What to produce:
Take the lines below beginning at the line that has "a table with" and stopping after the line that has "Transparent burk med", and print them exactly as they are, with no other lines.

Data in this exercise:
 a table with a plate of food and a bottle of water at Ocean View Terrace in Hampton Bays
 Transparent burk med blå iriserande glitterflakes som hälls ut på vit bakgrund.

---

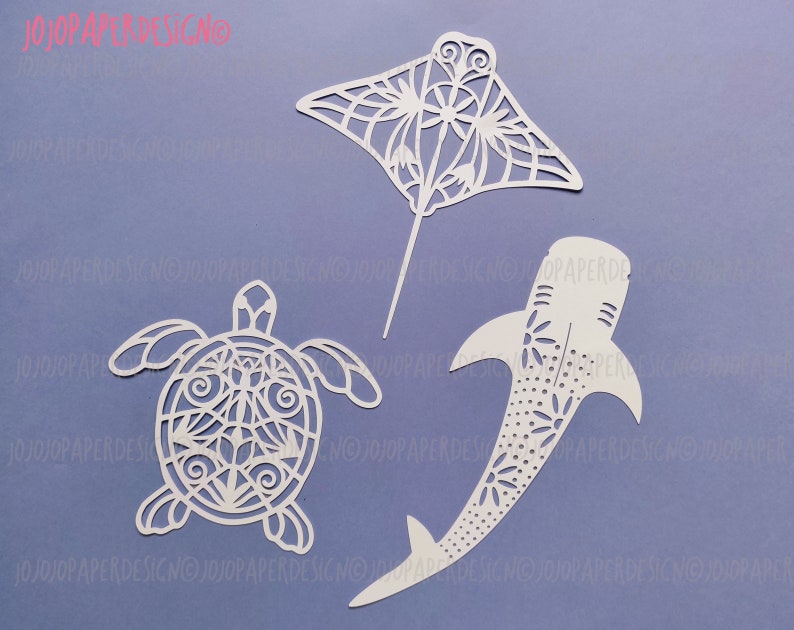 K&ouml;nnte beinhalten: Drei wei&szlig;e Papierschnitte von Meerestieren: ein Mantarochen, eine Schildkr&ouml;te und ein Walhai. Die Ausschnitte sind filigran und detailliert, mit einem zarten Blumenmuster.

==

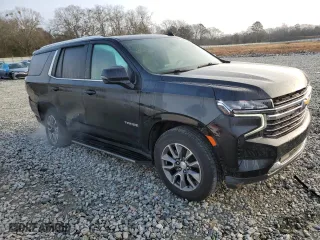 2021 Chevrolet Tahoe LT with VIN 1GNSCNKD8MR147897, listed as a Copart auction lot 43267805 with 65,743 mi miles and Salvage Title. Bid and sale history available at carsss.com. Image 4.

Solution below:
 a table with a plate of food and a bottle of water at Ocean View Terrace in Hampton Bays
 Transparent burk med blå iriserande glitterflakes som hälls ut på vit bakgrund.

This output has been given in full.